Навес предназначен не столько для людей, сколько для защиты электропроводки, питающей двигатель сталевоза. Он сделан из армированного бетона, покрыт сверху огнеупором и все это вьетнамские работяги выполнили на совесть. Когда сверху хлестнул расплавленный металл, навес выдержал.
Но он был недостаточно широк, чтобы мы вольготно расположились в безопасности. Нам приходилось изо всех сил вжиматься спинами в бетон стены, а расплавленная сталь капала с навеса перед самыми нашими носами, и хотя она мгновенно переходила на цементе в твердое агрегатное состояние, ее температура и в этом состоянии была градусов семьсот, не меньше. По стене же, к которой мы прижимались спинами, она текла широким потоком, и стена прогрелась… ну, кладу градусов двести. Кроме того, вокруг нас немедленно загорелось все, что могло гореть – например, рассеянная в воздухе пыль. Мы не наглотались пламени и даже не очень сильно обожглись, но на какое-то время исчезли для всего мира за стеной огня. А потом мир ворвался к нам шипящей струей из огнетушителя.
Мы выскочили из-под навеса, покрытого черными наплывами стали, и с минуту приходили в себя, а бригада печьковша тушила сталевоз. Крановщик, молодец парень, не сплоховал – направил подтекающий ковш к аварийному приямку и начал сливать расплав туда. За стальковшом осталась веселенькая огненная дорожка, из пожарной кишки по ней ударила вода – и сцену затянули клубы пара. Сталевоз выглядел так, будто перенес ядерную бомбардировку. Не помню, как моя каска оказалась в руке – помню, что на ней остались продавленные отпечатки пальцев.
Конечно, все наши куртки сделаны из огнеупорного материала. Но, как уже было сказано, я думаю, что бетонная стена прогрелась градусов до двухсот. Это все равно как если бы куртку гладили прямо на тебе раскаленным утюгом.
Нас всех троих повлекли в медпункт, содрали с нас одежду и залили все тыловые части пантенолом быстрее, чем мы успели сообразить, как нам все-таки больно.
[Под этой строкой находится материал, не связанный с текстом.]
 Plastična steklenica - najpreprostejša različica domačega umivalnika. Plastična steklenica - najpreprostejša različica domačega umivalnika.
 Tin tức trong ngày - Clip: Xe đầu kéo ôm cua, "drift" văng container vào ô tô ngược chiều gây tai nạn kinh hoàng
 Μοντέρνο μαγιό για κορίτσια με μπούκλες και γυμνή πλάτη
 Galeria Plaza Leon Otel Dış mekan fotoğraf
Каждый получил по уколу анальгина, после чего мы дожидались «скорой», лежа лицами вниз под простынями на кушетках.
И вот тут наступиает время, когда можно уже чувствовать неловкость.
– Самое удивительное, – Чжан елозит под простыней, пытается почесать спину, – что я не обмочился.
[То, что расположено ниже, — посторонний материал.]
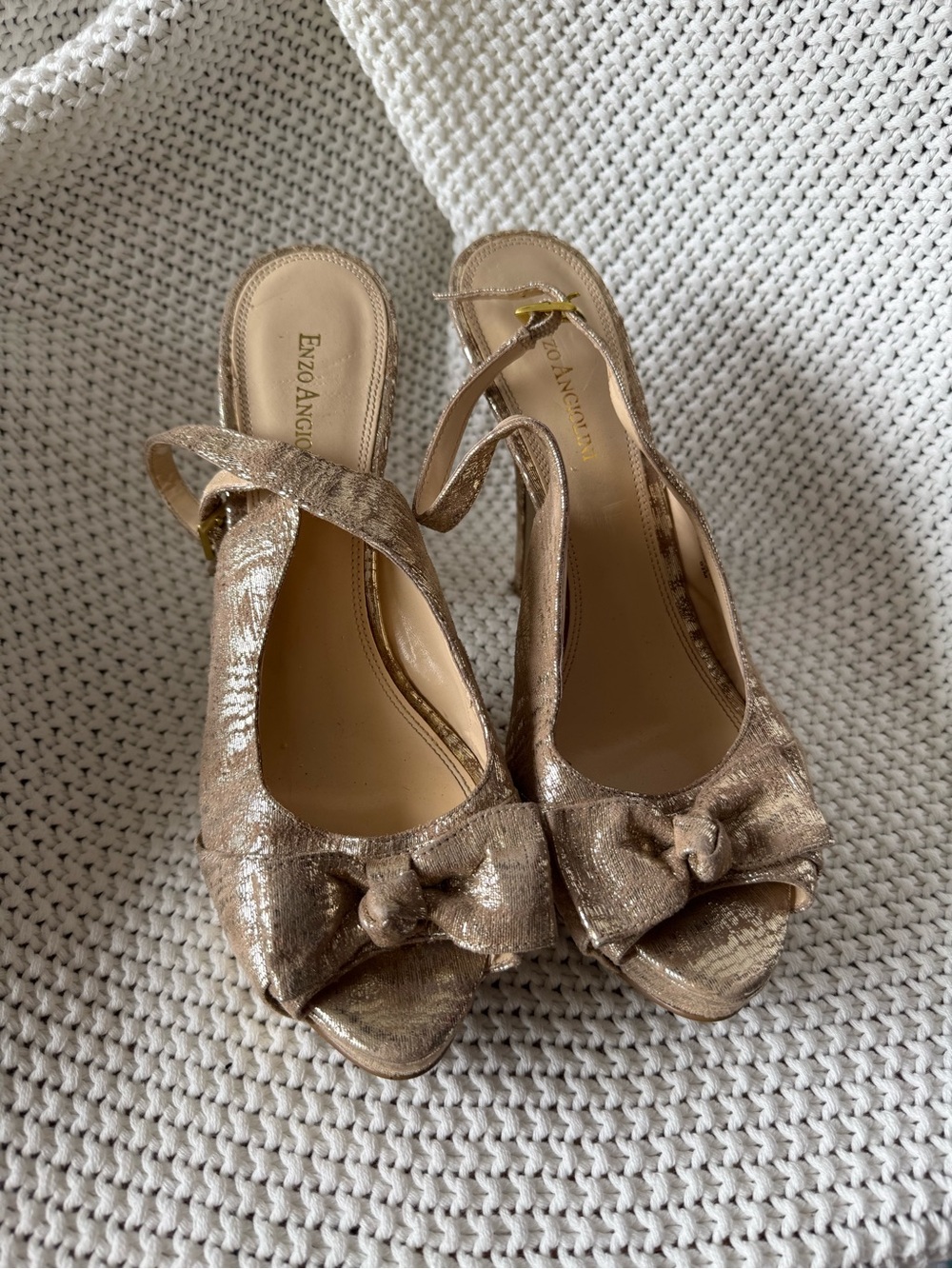 Enzo Angiolini Metallic Gold Slingback Peep-Toe Heels with Knot Detail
– Что ж тут плохого? – спрашивает Паша, когда я перевожу.
– Мне сейчас очень хочется, и я думаю, как я встану и пойду, когда забрали всю одежду? И куда пойду.
Да. Ближайший туалет в офисе, офис на ночь запирают, а то два ноутбука уже украли.
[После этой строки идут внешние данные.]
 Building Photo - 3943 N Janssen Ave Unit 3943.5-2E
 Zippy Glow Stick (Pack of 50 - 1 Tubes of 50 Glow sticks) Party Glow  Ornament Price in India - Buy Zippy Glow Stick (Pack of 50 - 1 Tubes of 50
– Видишь в мусорном ведре бутылку от «Коки»? – показываю. – Я зажмурюсь.
– Ах, – Чжан, кутаясь в простыню, спускает ноги на пол. Я зажмуриваюсь – не от стыда, а потому что даже смотреть холодно, как он идет босыми ногами по кафельному полу.
И тут Пашу прорывает и он начинает нелепо извиняться передо мной.
– За что?
Он замолкает. И я догадываюсь. Он ведь никогда не приставал ко мне с дурацкими вопросами, и я запоздало понимаю, почему.
Он считал меня искалеченным мужчиной. Ложным гермафродитом или кастратом.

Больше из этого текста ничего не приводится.